The Supreme Court ruled that proceedings under section 138 or 141 of Insolvency and Bankruptcy Code against Directors can not be initiated or continued without the corporate debtor
Steel products were supplied by the respondent, M/s Shah Brothers Ispat to one M/s. Diamond Engineering Pvt. Ltd. as a result of which INR 24,20,91,054 was due and payable by the company. As many as 51 cheques were issued by the company in favor of the respondent towards amounts payable for supplies, all of which were returned dishonored for the reason “funds insufficient”.
As a result the respondent issued a statutory demand notice under Section 138 read with Section 141 of the Negotiable Instruments Act, 1881, calling upon the company and its three Directors to pay this amount within 15 days of the receipt of the notice.
Since no payment was forthcoming pursuant to the two statutory demand notices, two criminal complaints, being Criminal Complaint were filed by the respondent against the company and the appellants under Section 138 read with Section 141 of the Negotiable Instruments Act before the Additional Chief Metropolitan Magistrate (ACMM), Kurla, Mumbai. Summons were issued by the ACMM to the company and the appellants in both the criminal complaints.

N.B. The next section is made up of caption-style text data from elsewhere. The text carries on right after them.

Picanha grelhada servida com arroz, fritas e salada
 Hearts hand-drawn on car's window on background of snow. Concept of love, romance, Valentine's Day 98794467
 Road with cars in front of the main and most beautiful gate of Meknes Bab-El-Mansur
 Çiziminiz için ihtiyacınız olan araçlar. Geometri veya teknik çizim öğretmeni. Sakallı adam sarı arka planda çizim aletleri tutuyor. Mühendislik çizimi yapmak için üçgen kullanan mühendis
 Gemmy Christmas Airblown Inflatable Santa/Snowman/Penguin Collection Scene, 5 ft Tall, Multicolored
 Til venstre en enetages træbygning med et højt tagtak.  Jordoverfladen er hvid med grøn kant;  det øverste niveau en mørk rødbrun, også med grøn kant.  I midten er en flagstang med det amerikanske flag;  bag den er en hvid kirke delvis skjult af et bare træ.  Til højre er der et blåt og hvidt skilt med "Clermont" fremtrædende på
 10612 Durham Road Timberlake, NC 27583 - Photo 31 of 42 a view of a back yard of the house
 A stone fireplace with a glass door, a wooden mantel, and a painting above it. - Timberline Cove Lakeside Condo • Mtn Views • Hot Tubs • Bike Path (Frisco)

The important question that arises in this appeal is whether the institution or continuation of a proceeding under Section 138 or 141 of the Negotiable Instruments Act can be said to be covered by the moratorium provision, namely, Section 14 of the IBC.
Mr. Jayanth Muth Raj, Senior Advocate appearing on behalf of the appellants, argued that the object of Section 14 being hat the assets of the corporate debtor be preserved during the corporate insolvency resolution process, it would be most incongruous to hold that a Section 138 proceeding, which, although a criminal proceeding, is in essence to recover the amount of the bounced cheque, be kept out of the word “proceedings” contained in Section 14(1)(a) of the IBC.
It was further urged that given the object of Section 14, there is no reason to curtail the meaning of the expression “proceedings”, which would therefore include all proceedings against the corporate debtor, civil or criminal, which would result in “execution” of any judgment for payment of compensation.
The three judge bench of Justices R.F.Nariman, Navin Sinha and K.M.Joseph concluded that a Section 138/141 proceeding against a corporate debtor is covered by Section 14(1)(a) of the IBC.
The court while allowing the appeal observed that as far as the Directors/persons in management or control of the corporate debtor are concerned, a Section 138/141 proceeding against them cannot be initiated or continued without the corporate debtor because Section 141 of the Negotiable Instruments Act speaks of persons in charge of and responsible to the company for the conduct of the business of the company, as well as the company.